Only the lines from the start of the data to the line containing "On the biopsy", both included, should be output, exactly and without pictures.

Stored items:
····················
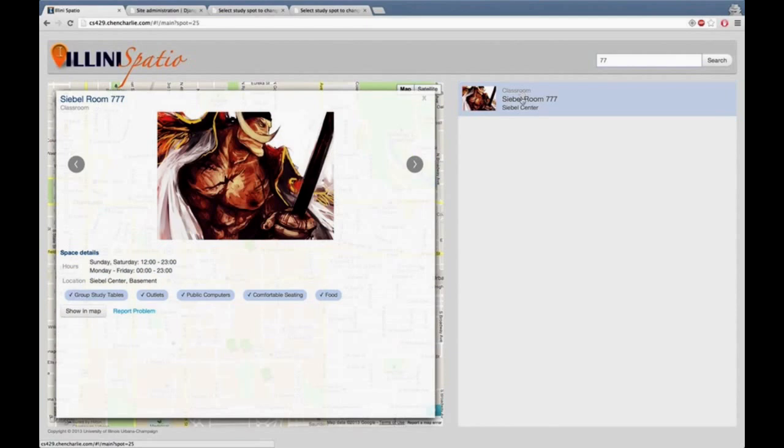As you can see, the Siebel Room 777 is being added into the list of study spots.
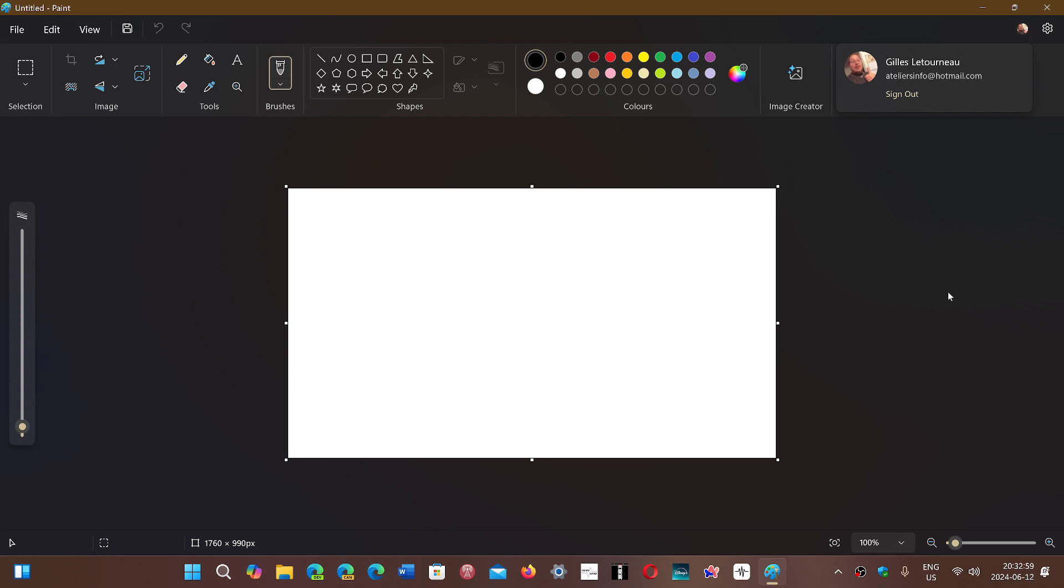The basic features of the Paint app work if I sign out. But all the things like image creator, which are all AI driven, will require you to log in with a Microsoft account to an app as simple as Paint.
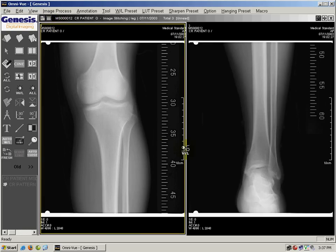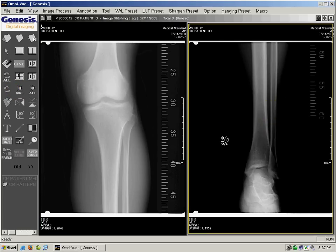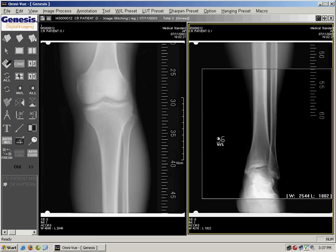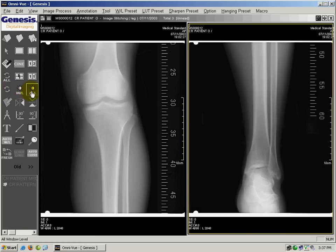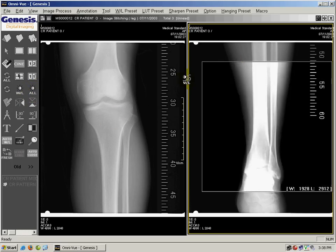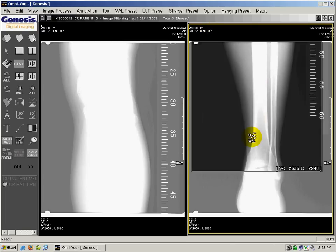If you have two images open, you can window level a single image by left clicking on it. Or you can window level all images in a series by clicking on the window level all button, then left click and drag, and it will apply all of those changes to all the images in the series.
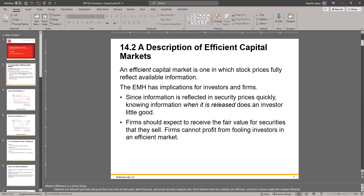A description of efficient capital markets: an efficient capital market is one in which stock prices fully reflect available information. If all information is available and the price of a stock reflects all the information that influences the price, then you would have an efficient market.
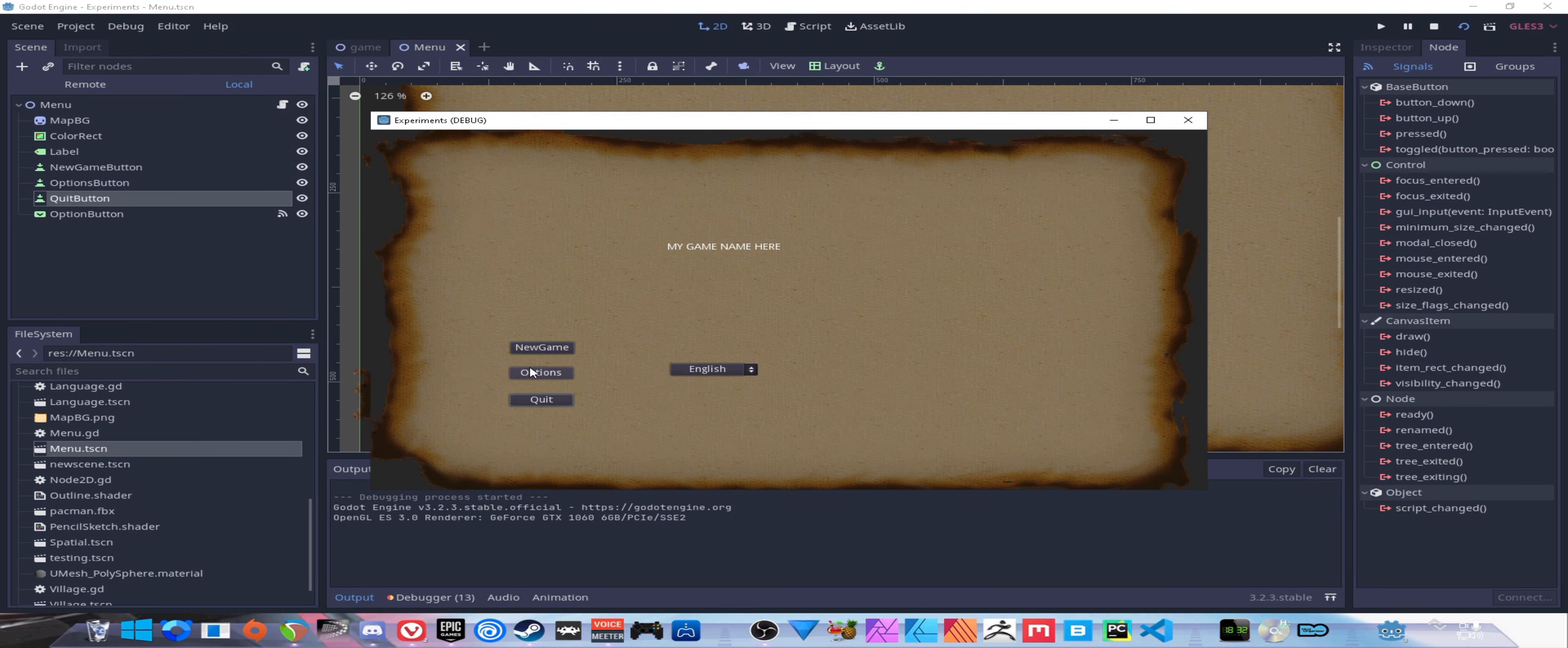For Spanish we'll do the same thing - TranslationServer.set_locale where our code will be 'es'. Awesome, that's great. So if we hop in we can take a look.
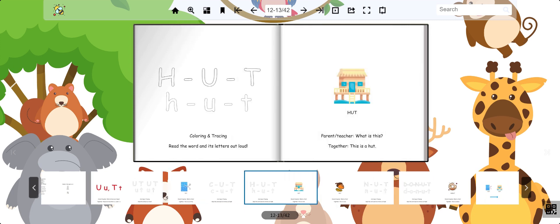This is a hut. It's a place where people stay. Hut.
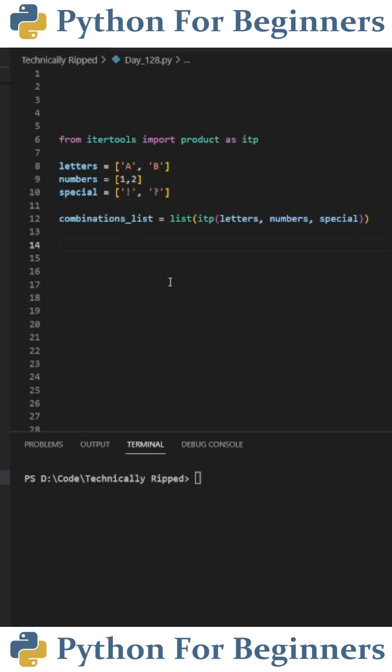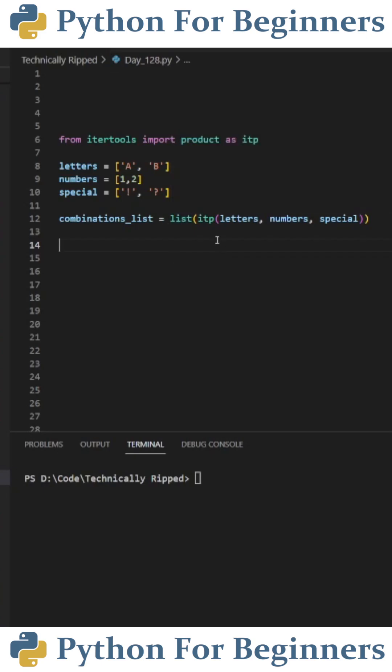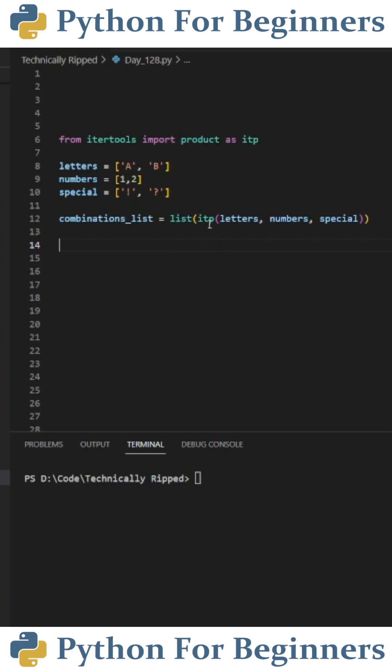The next step is to create a variable that's going to contain the list of all the combinations. I call it combinations_list. I set that equal to list and in the parentheses put ITP and then in those parentheses, I put each list name. So letters, comma, numbers, comma, special.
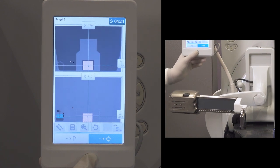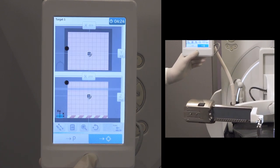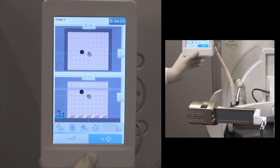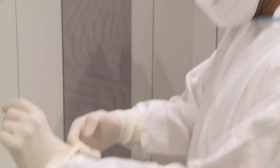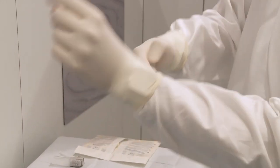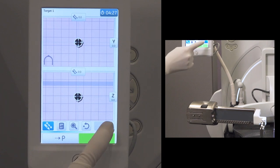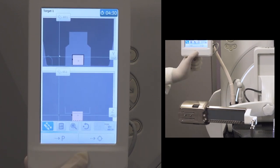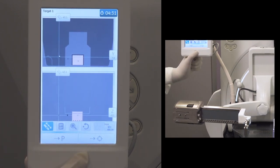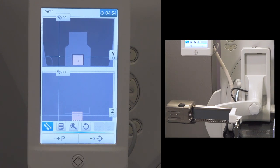On the biopsy display, touch the target button to drive the biopsy head to the target coordinates. Using the max needle preset button, drive the biopsy head backwards while maintaining the target coordinates to free space for anesthesia injection.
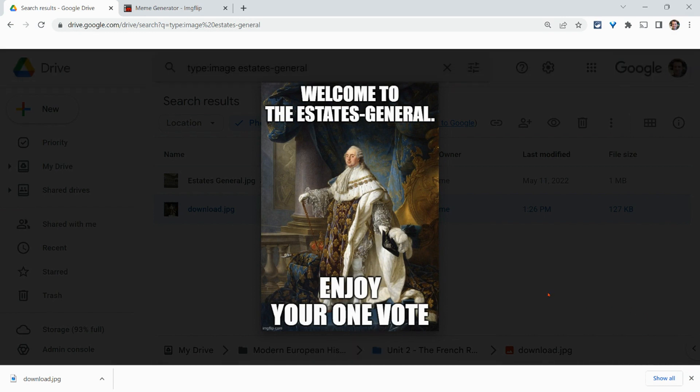So optical character recognition in your Google Drive and when you search for images.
····················
ANSWER BELOW:
As you can see, the Siebel Room 777 is being added into the list of study spots.
The basic features of the Paint app work if I sign out. But all the things like image creator, which are all AI driven, will require you to log in with a Microsoft account to an app as simple as Paint.
If you have two images open, you can window level a single image by left clicking on it. Or you can window level all images in a series by clicking on the window level all button, then left click and drag, and it will apply all of those changes to all the images in the series.
A description of efficient capital markets: an efficient capital market is one in which stock prices fully reflect available information. If all information is available and the price of a stock reflects all the information that influences the price, then you would have an efficient market.
For Spanish we'll do the same thing - TranslationServer.set_locale where our code will be 'es'. Awesome, that's great. So if we hop in we can take a look.
This is a hut. It's a place where people stay. Hut.
The next step is to create a variable that's going to contain the list of all the combinations. I call it combinations_list. I set that equal to list and in the parentheses put ITP and then in those parentheses, I put each list name. So letters, comma, numbers, comma, special.
On the biopsy display, touch the target button to drive the biopsy head to the target coordinates. Using the max needle preset button, drive the biopsy head backwards while maintaining the target coordinates to free space for anesthesia injection.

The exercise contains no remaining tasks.